7 December 2014

Ferdinand Hodler

Ferdinand Hodler
Nu Féminin en mouvement (sketch for l’Émotion)
circa 1902-03

     This woman has a classical grace about her figure. She is nude with but a long drape of indistinct cloth shielding her modesty, and she poses with an air of flirtation, sensuality. The bay of skin flowing from her outstretched foot, up along her thigh and rounded hip and then to her slender bosom and neck, wholly connects the woman as not just a body of singular beauty and proportion, but also as a muse - as an ideal hidden within the everyday mundane. Her shape is attractively familiar; her gesture is natural yet poised, with one hand accentuating the unique delicacy of the female body, the other drifting down nearer her belly, perhaps to instinctually cradle the area in which life is created. Her shoulders also feign a sensualness: slightly tensed, they appear to express strain or uncertainty, with an added touch of allure in the way they relate to the position of her neck. Craned away from the viewer, her face almost entirely hidden, the neck joins body with mind, soul with character.
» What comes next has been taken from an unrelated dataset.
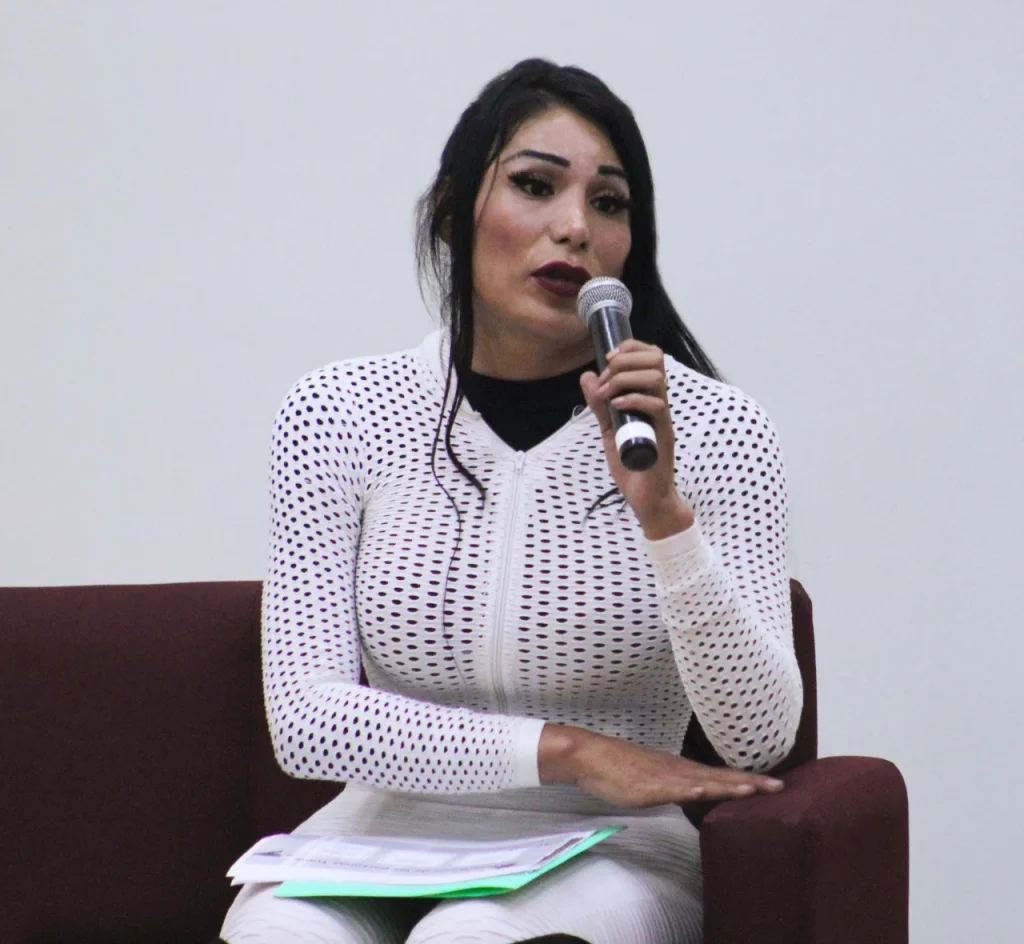 Persona sentada en un sillón, hablando frente al público y sosteniendo un micrófono durante un panel.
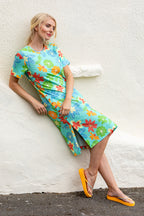 Buy Online Kylie Print Dress Alice Collins  Woman wearing a colorful floral dress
Hodler foreshortened her face, making her strong jaw and upper neck all the more feminine by softening and thickening them together as one confident contour. Like a statue, like an ethereal figure oblivious of common plagues and worries, this nude is elevated from being just a common girl to being interchangeably that and more. She is forever faceless and flat, but she has a timeless charisma that runs deeper than a mere sheaf of paper.